At the beginning of January, the majority of economists were certain that persistent inflation and rising interest rates would precipitate an impending recession, and the brightest minds on Wall Street were pessimistic regarding 2023.
Tom Lee, cofounder of Fundstrat Global Advisors, remained optimistic, however. Based on the analysis of a former chief equity strategist at JPMorgan, the market veteran predicted that the S&P 500 would increase by approximately 25% by the end of the year, reaching a range of 4,750 to 4,800.
It was an out-of-the-ordinary recommendation, considering that Bloomberg-surveyed forecasters had a median year-end target for the blue-chip index of just over 4,000. However, Lee maintained the optimistic view that the Federal Reserve’s interest rate increases could contain inflation while preventing a severe recession that would decimate employment—a coveted economic “soft landing” that has been historically scarce.
That call is now appearing to be quite prescient. This year, the labor market has demonstrated its durability, inflation has declined steadily from its four-decade peak in 2022, and the economy continues to expand. In consequence, the S&P 500 has risen more than 23% year-to-date and is within a few percentage points of reaching Lee’s end-of-year objective.
Following the Dow Jones industrial average’s historic ascent to a record high this week, certain investors are starting to question whether further gains are possible.
“Investors have priced in the ideal soft landing for the economy, devoid of the agony of a recession,” David Donabedian, chief investment officer of CIBC Private Wealth US, said on Friday in reference to the recent market rally. “However, this may not be realistic.”

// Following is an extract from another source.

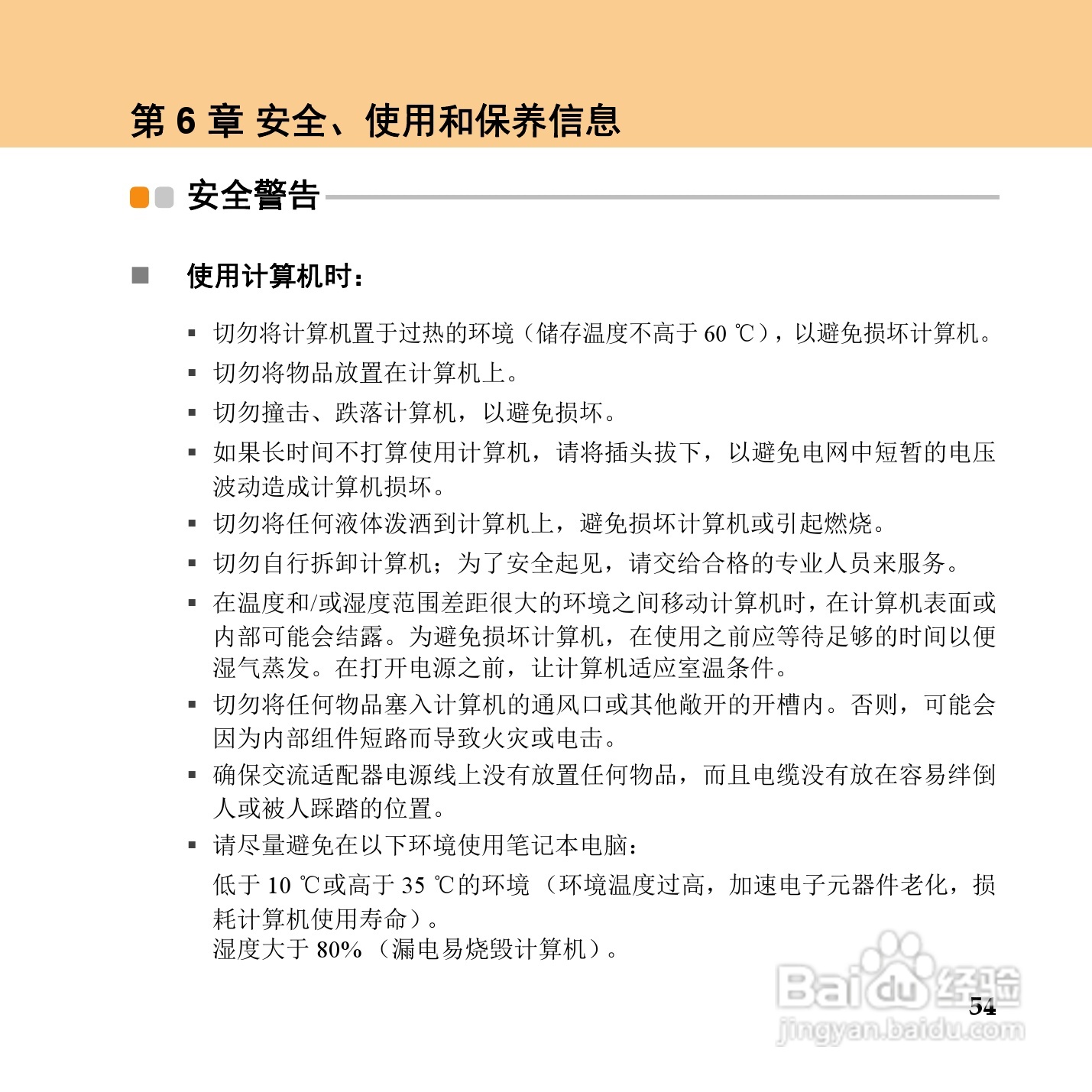 联想IdeaPad Y450笔记本电脑使用说明书:[7]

Donabedian cautioned that despite the possibility that the markets will experience a “complete recovery” in the near future, there are “lingering concerns regarding valuations and ultimately an overly optimistic scenario.”

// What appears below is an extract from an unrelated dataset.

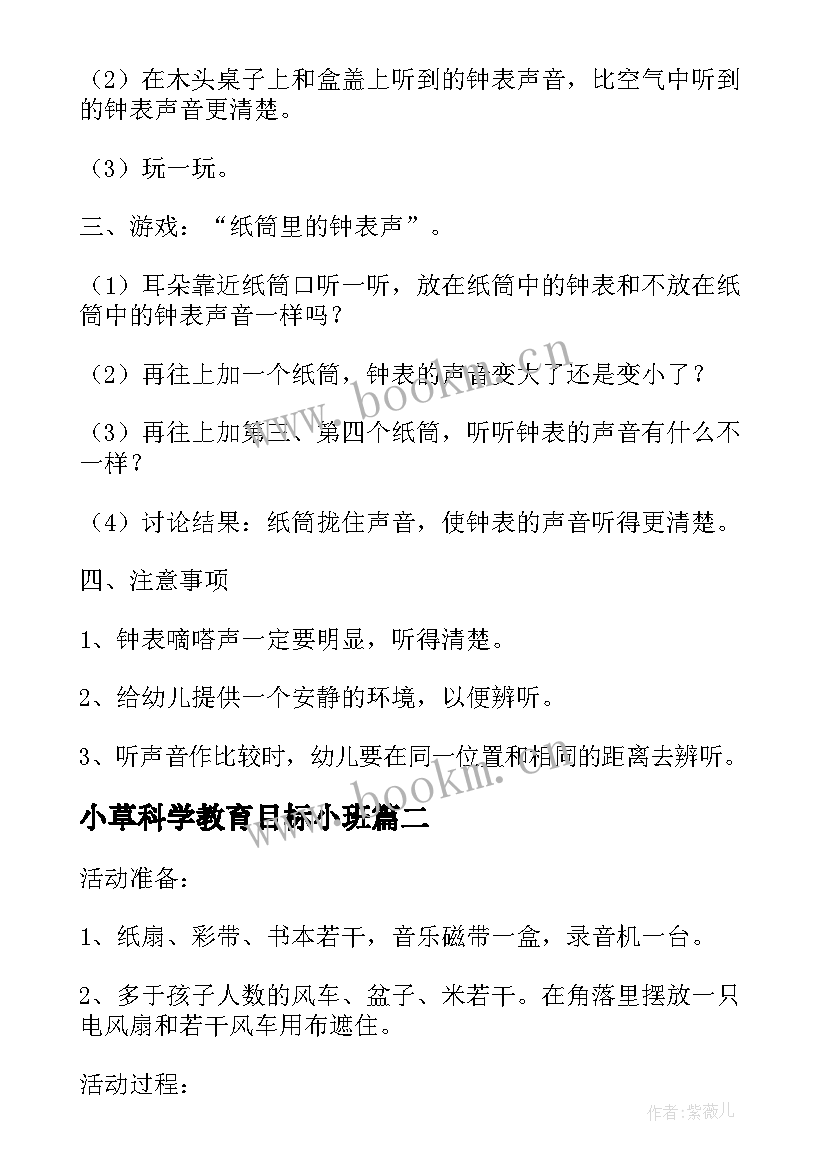 小草科学教育目标小班 幼儿园小班科学教案(优秀8篇)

As usual, Lee, the bull, is opposed. Additionally, he advises investors to anticipate outperformance from lesser companies in the coming year.
“It appears that small-caps could increase by 50% over the next year,” he told CNBC on Friday, contending that the Russell 2000 index, which measures U.S. stocks with a mean market capitalization of $2.8 billion, could surge from 1,996 to 3,000 by the end of the year.